**Task directions**
Pictures are to be left out; every line from the one that holds "Conjunto De Toalhas" to the end of the data is to be retyped exactly.

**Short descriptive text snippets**
▽

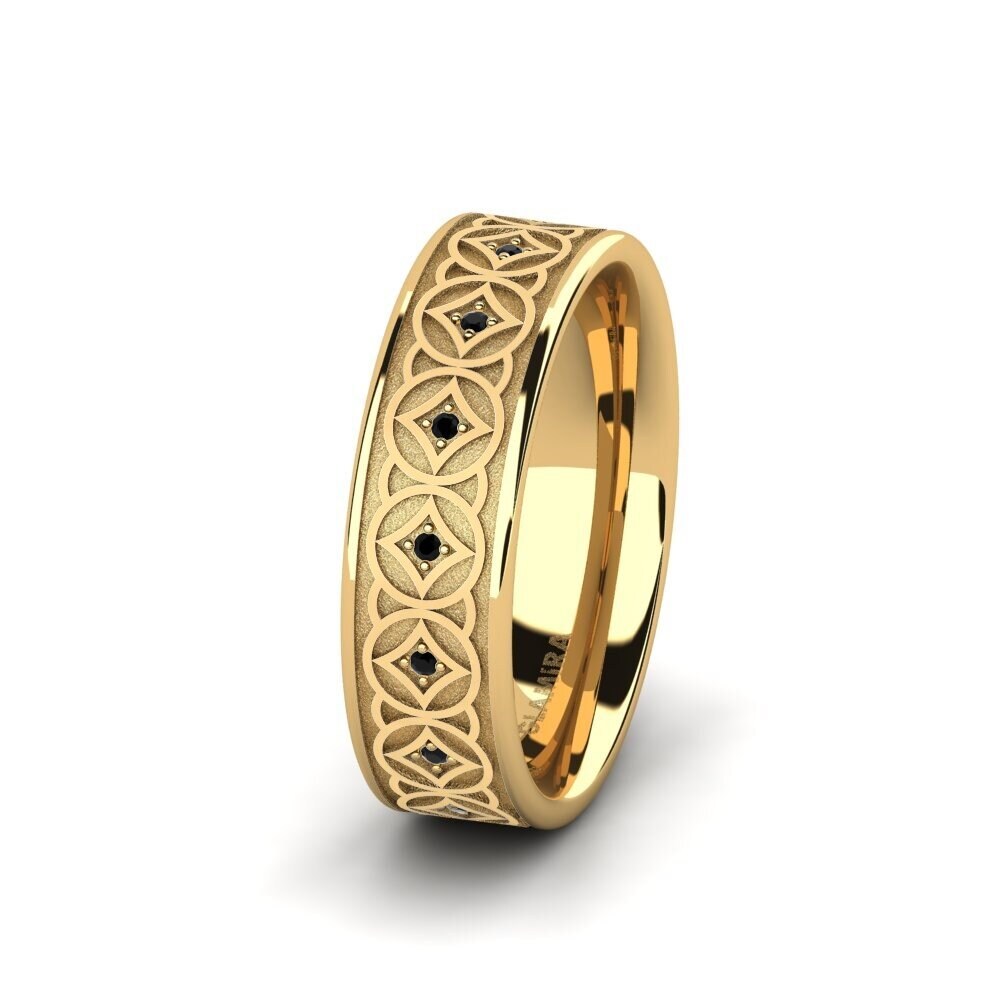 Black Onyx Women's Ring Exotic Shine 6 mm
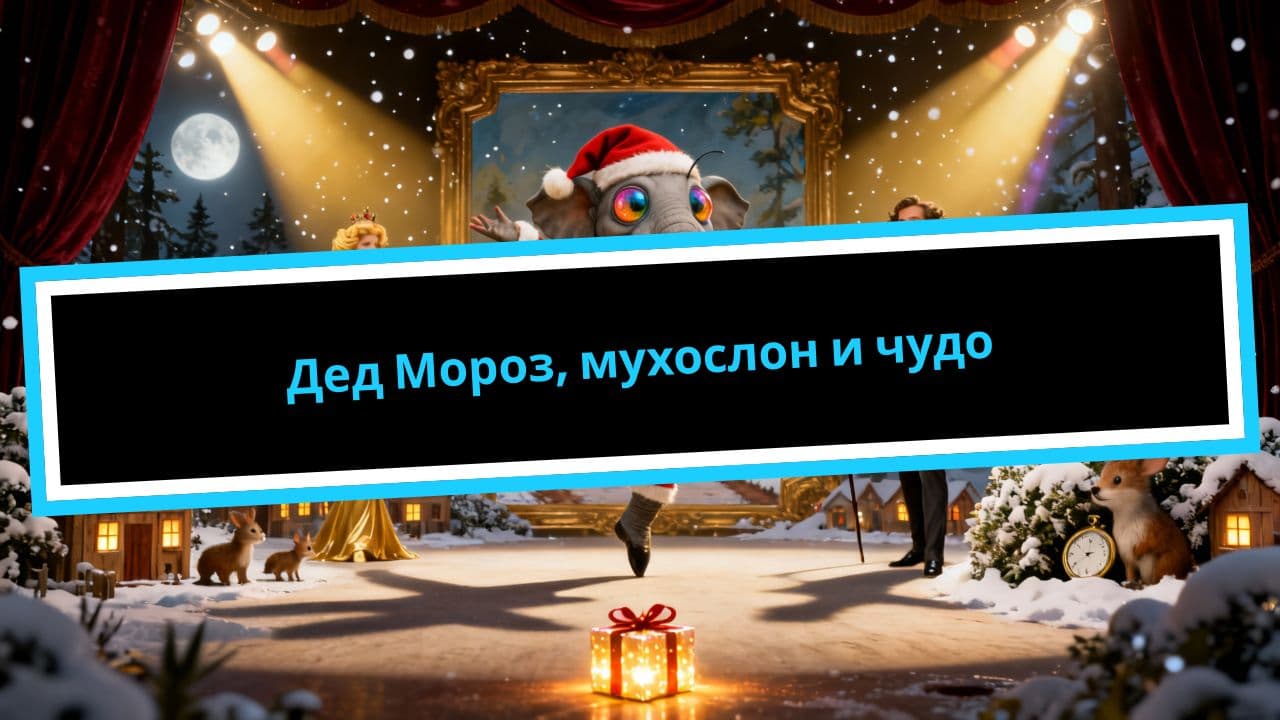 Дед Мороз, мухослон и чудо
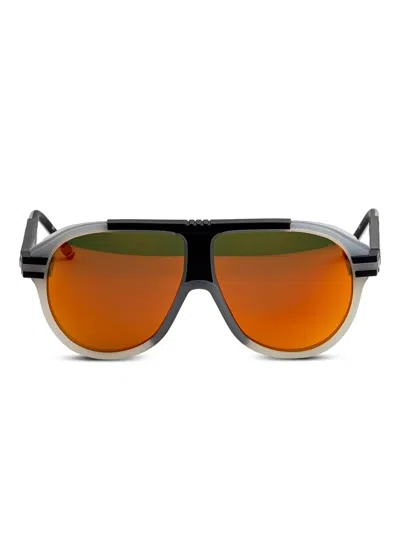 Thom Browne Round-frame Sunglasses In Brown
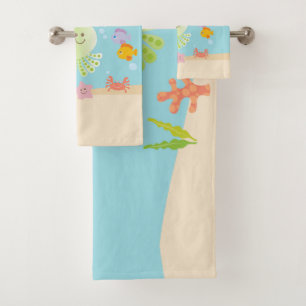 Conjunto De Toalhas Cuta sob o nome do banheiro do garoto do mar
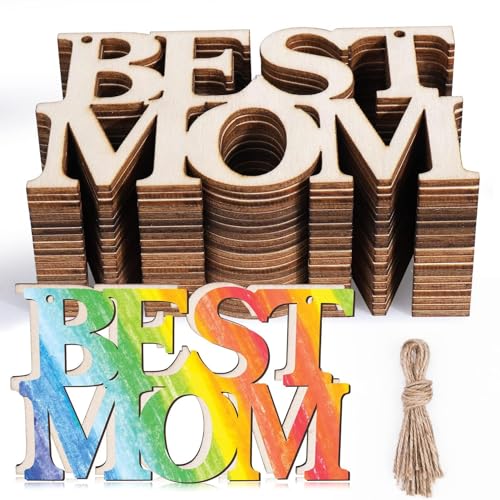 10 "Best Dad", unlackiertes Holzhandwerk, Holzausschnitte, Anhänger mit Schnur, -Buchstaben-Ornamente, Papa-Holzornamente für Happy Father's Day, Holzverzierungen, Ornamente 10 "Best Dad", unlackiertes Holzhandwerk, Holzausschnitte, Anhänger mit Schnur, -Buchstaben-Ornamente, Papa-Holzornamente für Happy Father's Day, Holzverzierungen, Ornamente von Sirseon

△

**Task result**
 Conjunto De Toalhas Cuta sob o nome do banheiro do garoto do mar
 10 "Best Dad", unlackiertes Holzhandwerk, Holzausschnitte, Anhänger mit Schnur, -Buchstaben-Ornamente, Papa-Holzornamente für Happy Father's Day, Holzverzierungen, Ornamente 10 "Best Dad", unlackiertes Holzhandwerk, Holzausschnitte, Anhänger mit Schnur, -Buchstaben-Ornamente, Papa-Holzornamente für Happy Father's Day, Holzverzierungen, Ornamente von Sirseon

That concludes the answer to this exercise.